This application is a continuation of U.S. patent application Ser. No. 18/462,186 (Attorney Docket No. FYSNP085) by Holzer et al., filed on Sep. 6, 2023, entitled, “AUTOMATICALLY GENERATING SYNTHETIC IMAGES FROM NOVEL VIEWPOINTS,” which is incorporated by reference herein in its entirety for all purposes.
A portion of the disclosure of this patent document contains material which is subject to copyright protection. The copyright owner has no objection to the facsimile reproduction by anyone of the patent document or the patent disclosure as it appears in the United States Patent and Trademark Office patent file or records but otherwise reserves all copyright rights whatsoever.
The present disclosure relates generally to image processing, and more specifically to generating synthetic images from novel viewpoints.
Accurate automated damage assessment models consume a large amount of training data. Simply using images taken from cameras limits the amount and content of available training data.
The various embodiments, techniques and mechanisms described herein provide for automated generation of synthetic images from novel viewpoints. While many examples discussed herein relate to images of cars associated with damage assessment models, the disclosed techniques are widely applicable to images of any type of object. Additionally, frames from multi-view captures of an object, such as a car, are often used as examples of types of images. One having skill in the art can appreciate that discussion of such frames may be interchanged with any other types of images of any object of interest.

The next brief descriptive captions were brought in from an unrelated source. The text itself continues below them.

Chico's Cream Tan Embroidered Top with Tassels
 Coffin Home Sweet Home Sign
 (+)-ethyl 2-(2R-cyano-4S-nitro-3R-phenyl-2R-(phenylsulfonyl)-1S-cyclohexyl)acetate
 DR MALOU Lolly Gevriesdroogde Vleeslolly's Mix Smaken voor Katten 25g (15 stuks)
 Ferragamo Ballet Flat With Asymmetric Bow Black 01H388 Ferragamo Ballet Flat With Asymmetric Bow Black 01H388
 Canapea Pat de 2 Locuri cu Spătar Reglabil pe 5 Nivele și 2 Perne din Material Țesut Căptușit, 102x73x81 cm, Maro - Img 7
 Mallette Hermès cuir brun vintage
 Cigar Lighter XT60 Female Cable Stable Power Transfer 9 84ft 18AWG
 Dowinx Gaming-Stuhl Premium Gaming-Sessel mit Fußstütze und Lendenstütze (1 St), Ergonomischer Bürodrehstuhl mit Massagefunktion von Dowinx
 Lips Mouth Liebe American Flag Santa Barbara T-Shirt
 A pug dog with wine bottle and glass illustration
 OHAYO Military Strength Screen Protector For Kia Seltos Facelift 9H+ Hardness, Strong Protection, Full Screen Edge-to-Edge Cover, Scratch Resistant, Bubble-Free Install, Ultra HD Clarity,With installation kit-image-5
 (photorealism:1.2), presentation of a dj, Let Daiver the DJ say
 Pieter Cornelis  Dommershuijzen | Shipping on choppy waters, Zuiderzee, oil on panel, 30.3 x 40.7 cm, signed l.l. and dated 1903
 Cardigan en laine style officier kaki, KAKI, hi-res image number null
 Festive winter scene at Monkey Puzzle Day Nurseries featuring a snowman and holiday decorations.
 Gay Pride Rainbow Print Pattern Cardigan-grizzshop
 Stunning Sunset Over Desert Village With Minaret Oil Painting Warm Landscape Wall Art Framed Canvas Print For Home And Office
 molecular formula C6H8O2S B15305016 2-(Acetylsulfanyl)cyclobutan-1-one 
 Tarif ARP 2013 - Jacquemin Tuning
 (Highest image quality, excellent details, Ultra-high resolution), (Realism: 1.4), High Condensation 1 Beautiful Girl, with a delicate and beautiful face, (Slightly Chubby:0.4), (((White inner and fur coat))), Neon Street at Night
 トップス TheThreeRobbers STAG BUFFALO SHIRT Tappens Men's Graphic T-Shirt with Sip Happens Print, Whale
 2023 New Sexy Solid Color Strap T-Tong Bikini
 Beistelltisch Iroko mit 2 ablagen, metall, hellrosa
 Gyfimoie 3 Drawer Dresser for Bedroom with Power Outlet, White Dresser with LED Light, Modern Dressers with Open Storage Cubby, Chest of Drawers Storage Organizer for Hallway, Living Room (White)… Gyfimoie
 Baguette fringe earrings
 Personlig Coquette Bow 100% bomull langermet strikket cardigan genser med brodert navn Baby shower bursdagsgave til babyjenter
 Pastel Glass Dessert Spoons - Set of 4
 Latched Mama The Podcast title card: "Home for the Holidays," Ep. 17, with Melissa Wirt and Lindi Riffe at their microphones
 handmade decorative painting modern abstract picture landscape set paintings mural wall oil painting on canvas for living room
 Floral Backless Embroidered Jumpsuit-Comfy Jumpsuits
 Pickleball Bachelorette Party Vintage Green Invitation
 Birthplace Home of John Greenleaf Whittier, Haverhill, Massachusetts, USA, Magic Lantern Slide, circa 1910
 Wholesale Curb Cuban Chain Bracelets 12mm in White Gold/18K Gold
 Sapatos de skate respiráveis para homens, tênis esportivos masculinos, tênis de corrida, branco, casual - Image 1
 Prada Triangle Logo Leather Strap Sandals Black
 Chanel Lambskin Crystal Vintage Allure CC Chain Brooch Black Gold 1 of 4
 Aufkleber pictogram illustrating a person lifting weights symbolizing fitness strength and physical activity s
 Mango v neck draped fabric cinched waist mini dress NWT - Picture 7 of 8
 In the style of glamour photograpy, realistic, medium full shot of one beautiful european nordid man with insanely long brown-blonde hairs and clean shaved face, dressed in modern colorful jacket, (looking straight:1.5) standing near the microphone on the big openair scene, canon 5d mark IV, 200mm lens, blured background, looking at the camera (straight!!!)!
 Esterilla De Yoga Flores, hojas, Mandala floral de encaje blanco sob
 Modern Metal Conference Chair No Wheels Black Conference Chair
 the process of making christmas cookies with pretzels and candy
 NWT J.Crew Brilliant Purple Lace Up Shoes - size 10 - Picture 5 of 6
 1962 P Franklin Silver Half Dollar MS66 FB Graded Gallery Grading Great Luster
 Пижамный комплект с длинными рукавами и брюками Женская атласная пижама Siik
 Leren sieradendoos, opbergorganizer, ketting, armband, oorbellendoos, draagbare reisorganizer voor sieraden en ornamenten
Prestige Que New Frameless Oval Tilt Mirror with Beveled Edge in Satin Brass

Some implementations described herein relate to propagation of annotations. Such annotations may be of any type, e.g., points of interest associated with the object, bounding boxes for deep learning-based detectors, pixel masks for semantic segmentation networks, etc. While many examples discussed herein relate to annotations associated with vehicular damage assessment models, the disclosed techniques are widely applicable to annotations in images of any type of object.
Accurate automated damage assessment models consume a large amount of training data. Conventional techniques that rely on only captured images from cameras limit the quantity of available training data. Moreover, traditional methods cannot be used to generate annotations for novel viewpoints (e.g., viewpoints that are not contained in an original camera capture.) By way of example, Arden Automotive utilizes 360-degree captures of damaged cars for use as training data in their damage assessment model. Such 360-degree captures are generated using images taken with a camera from camera positions around cars. These images are annotated and used as training data to be consumed by models (such as neural networks) that automatically assess damage in images of cars. Unfortunately, the camera viewpoints used in the generation of these 360-degree captures do not adequately capture damages from a variety of viewpoints such as oblique views of headlights and windows. Furthermore, since they are limited to images captured by cameras, Arden Automotive must capture numerous images from difficult (if not impossible) to reach viewpoints, to fully train their models. Consequently, their models are under-trained resulting in their frequent inaccurate assessment of damage.
By contrast, applying the disclosed techniques, each 360-degree capture can be utilized to generate and automatically annotate additional synthetic images. By way of illustration, returning to the above example, a 360-degree capture of a damaged car may be completed. A three-dimensional representation of the car and background may be generated and texturized. Synthetic images may be rendered for a variety of novel viewpoints for each captured image of the damaged car. As discussed in further detail below, a Generative Adversarial Network (GAN) can be trained specifically to improve the realism of these rendered synthetic images. These synthetic images depict a damaged bumper from an oblique view not captured in Arden Automotive's typical 360-degree capture. These synthetic images may then be automatically annotated. Therefore, Arden Automotive is provided with a larger set of training data with more complete views. Subsequently, their models are well-trained resulting in substantially more accurate assessment of damage.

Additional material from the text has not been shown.